WORK REQUIRED >> Write out exactly the lines of the entries below from the one holding "A magyarorszgi lengyel" to the one holding "Netvibes, Flipboard", inclusive, and leave out all other lines.

[Brief descriptive captions]

"""

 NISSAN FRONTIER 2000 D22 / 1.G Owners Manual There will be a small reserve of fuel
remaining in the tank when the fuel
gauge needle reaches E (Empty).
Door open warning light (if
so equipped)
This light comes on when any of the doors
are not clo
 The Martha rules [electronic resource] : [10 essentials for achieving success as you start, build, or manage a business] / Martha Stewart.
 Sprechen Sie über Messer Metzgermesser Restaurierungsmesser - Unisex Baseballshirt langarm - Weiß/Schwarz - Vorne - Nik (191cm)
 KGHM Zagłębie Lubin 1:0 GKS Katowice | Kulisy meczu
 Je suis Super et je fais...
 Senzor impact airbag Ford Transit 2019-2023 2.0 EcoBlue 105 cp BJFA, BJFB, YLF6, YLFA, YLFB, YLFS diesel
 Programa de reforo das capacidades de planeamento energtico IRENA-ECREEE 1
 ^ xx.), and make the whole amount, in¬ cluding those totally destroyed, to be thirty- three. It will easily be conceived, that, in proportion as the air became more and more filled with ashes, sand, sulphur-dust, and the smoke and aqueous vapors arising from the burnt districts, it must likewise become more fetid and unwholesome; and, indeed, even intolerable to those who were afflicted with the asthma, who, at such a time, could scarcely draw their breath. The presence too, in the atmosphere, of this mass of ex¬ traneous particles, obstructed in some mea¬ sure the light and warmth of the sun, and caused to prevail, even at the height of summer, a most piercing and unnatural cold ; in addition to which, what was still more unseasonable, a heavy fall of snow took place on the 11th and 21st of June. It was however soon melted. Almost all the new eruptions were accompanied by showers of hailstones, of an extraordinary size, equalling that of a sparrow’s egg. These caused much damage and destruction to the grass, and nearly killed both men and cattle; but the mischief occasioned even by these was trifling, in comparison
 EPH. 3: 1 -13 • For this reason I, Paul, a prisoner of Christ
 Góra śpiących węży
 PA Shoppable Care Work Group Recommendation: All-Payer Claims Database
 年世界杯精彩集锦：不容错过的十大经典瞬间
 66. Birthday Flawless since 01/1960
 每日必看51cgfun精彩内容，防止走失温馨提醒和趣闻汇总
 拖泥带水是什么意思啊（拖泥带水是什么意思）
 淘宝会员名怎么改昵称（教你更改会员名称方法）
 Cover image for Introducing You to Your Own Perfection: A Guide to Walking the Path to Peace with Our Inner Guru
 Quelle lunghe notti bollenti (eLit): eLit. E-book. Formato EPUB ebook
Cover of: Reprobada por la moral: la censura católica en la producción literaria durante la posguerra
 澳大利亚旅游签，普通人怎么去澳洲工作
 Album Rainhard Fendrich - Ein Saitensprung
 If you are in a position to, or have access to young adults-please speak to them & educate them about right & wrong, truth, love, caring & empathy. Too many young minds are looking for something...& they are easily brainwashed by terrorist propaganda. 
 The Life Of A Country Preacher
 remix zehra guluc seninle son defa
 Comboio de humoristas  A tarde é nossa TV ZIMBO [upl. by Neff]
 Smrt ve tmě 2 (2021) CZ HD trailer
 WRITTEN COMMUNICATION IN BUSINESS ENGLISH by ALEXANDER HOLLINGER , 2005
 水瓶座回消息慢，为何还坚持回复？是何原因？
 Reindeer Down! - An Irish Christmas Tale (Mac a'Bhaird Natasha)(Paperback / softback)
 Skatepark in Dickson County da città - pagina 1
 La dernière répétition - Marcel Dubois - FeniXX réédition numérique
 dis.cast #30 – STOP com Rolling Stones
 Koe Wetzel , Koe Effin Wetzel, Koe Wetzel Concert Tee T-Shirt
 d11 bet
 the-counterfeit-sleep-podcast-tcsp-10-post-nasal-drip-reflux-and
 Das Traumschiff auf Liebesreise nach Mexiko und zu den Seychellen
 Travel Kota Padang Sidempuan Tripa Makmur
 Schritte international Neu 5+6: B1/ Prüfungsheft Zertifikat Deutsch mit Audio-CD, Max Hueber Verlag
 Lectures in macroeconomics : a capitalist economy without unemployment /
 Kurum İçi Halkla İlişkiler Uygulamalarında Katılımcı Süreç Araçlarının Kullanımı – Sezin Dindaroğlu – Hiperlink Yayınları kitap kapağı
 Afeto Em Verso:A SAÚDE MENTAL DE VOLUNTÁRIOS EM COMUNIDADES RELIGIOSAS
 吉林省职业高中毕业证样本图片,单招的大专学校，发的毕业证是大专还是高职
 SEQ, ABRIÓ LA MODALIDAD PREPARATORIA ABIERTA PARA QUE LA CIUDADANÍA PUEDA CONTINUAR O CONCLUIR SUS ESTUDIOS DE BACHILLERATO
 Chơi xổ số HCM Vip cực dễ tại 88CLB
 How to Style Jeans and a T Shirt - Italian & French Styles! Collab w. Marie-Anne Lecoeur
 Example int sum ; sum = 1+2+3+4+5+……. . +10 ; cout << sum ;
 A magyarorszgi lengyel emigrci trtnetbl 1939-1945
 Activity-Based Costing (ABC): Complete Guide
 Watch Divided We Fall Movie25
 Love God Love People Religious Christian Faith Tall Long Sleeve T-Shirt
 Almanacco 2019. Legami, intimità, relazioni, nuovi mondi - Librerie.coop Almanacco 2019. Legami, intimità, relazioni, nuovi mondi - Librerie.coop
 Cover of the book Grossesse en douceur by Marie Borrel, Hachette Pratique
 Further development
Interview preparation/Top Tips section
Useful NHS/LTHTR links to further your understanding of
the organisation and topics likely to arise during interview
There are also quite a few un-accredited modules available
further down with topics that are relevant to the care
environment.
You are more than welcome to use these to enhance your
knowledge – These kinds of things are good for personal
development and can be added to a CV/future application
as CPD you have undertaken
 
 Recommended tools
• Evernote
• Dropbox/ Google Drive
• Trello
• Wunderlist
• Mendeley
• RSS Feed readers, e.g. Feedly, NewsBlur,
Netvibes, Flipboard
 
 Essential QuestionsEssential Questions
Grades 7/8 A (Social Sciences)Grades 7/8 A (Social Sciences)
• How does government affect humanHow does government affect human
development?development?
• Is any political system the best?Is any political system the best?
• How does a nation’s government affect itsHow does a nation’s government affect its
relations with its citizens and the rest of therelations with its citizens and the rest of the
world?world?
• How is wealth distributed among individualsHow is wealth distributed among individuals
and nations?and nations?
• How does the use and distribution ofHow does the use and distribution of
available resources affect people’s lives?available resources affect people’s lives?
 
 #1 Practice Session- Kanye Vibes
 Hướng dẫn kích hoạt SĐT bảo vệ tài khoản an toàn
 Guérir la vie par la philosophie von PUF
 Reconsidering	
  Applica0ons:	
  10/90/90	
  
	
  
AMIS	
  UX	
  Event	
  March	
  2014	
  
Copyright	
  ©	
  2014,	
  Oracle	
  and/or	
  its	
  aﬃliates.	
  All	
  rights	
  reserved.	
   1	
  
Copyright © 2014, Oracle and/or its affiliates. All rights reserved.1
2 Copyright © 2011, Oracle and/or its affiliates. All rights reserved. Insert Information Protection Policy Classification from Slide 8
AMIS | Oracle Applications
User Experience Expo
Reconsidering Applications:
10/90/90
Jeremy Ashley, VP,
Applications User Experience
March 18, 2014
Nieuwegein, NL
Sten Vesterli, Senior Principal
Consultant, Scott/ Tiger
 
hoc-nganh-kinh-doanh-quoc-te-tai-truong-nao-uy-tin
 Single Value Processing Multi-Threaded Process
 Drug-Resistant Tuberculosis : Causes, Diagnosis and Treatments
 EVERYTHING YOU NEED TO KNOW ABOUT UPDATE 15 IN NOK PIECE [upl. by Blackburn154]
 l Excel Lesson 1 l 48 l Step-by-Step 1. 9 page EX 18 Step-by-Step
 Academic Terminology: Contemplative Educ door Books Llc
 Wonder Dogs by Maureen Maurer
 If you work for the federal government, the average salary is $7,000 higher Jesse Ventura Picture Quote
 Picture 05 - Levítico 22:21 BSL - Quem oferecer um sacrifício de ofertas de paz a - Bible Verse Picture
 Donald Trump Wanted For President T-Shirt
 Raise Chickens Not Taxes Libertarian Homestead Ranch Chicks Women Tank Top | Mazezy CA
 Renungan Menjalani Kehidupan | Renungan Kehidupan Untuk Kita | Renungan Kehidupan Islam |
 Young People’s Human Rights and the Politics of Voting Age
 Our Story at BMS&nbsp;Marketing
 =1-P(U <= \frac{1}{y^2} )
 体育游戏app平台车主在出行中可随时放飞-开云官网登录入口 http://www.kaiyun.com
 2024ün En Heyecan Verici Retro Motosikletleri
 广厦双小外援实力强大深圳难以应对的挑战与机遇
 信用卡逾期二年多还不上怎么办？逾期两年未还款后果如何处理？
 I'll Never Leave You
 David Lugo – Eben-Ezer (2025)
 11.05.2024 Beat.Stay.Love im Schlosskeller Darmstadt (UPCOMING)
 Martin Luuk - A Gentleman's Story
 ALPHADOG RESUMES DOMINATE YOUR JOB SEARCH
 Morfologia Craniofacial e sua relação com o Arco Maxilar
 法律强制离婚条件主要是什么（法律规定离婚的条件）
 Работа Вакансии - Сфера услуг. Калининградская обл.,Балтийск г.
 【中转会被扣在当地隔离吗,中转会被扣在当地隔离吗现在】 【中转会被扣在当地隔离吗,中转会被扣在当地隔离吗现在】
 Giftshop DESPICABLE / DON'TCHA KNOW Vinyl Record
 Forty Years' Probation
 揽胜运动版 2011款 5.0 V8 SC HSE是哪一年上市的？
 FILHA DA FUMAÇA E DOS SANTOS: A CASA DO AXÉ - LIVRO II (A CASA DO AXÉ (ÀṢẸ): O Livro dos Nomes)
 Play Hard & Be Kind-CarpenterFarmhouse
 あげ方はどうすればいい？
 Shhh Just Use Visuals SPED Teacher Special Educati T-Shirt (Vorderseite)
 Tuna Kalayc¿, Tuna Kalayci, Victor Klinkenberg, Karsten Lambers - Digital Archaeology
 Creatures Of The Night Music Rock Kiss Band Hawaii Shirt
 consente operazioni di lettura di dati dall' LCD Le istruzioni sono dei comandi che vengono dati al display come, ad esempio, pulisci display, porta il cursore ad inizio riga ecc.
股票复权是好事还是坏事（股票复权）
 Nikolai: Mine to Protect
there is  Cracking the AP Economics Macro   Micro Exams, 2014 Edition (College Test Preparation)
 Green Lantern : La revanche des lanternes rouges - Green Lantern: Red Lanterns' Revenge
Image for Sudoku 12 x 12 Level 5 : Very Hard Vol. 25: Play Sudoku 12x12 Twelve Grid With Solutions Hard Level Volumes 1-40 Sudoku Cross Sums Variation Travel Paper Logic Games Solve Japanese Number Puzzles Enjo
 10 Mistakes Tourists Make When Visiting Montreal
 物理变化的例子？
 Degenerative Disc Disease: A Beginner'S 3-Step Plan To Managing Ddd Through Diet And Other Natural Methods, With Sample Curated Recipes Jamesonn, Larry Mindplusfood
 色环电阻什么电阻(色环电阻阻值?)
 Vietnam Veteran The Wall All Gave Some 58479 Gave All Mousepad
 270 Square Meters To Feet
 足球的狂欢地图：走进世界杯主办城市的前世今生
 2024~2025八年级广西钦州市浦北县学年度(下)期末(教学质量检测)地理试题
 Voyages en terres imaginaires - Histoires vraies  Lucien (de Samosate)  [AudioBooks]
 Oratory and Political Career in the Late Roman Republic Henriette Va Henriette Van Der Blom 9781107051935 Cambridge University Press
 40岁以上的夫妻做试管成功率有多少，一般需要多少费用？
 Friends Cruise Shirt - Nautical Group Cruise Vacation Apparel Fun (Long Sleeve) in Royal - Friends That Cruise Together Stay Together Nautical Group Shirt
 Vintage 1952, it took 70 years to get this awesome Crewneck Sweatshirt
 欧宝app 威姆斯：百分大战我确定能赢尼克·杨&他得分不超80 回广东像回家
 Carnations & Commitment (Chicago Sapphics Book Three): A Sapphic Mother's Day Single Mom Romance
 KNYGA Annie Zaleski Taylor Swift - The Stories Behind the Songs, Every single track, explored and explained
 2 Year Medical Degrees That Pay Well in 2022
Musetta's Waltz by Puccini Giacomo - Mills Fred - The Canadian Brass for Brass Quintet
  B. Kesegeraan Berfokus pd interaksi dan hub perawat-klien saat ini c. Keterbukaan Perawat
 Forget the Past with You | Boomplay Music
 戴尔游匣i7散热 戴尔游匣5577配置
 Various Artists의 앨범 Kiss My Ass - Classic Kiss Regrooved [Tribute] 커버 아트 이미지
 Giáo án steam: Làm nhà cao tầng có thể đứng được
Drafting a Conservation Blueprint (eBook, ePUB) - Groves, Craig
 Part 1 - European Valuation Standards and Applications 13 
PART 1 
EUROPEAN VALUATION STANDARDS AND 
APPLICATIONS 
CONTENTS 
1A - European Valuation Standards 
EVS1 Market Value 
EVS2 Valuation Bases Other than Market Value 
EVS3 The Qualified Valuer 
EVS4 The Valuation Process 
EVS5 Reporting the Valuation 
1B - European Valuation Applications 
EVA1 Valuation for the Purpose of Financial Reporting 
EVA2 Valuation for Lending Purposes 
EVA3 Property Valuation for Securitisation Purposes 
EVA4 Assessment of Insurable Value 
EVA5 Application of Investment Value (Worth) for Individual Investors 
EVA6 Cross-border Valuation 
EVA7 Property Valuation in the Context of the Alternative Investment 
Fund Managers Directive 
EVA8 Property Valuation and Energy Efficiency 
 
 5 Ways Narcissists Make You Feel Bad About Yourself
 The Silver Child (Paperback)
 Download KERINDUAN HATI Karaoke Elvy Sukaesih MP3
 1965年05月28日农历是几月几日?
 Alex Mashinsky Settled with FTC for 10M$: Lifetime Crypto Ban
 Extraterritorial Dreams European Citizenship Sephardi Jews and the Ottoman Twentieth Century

"""

RESPONSE TO THE TASK >>
 A magyarorszgi lengyel emigrci trtnetbl 1939-1945
 Activity-Based Costing (ABC): Complete Guide
 Watch Divided We Fall Movie25
 Love God Love People Religious Christian Faith Tall Long Sleeve T-Shirt
 Almanacco 2019. Legami, intimità, relazioni, nuovi mondi - Librerie.coop Almanacco 2019. Legami, intimità, relazioni, nuovi mondi - Librerie.coop
 Cover of the book Grossesse en douceur by Marie Borrel, Hachette Pratique
 Further development
Interview preparation/Top Tips section
Useful NHS/LTHTR links to further your understanding of
the organisation and topics likely to arise during interview
There are also quite a few un-accredited modules available
further down with topics that are relevant to the care
environment.
You are more than welcome to use these to enhance your
knowledge – These kinds of things are good for personal
development and can be added to a CV/future application
as CPD you have undertaken
 
 Recommended tools
• Evernote
• Dropbox/ Google Drive
• Trello
• Wunderlist
• Mendeley
• RSS Feed readers, e.g. Feedly, NewsBlur,
Netvibes, Flipboard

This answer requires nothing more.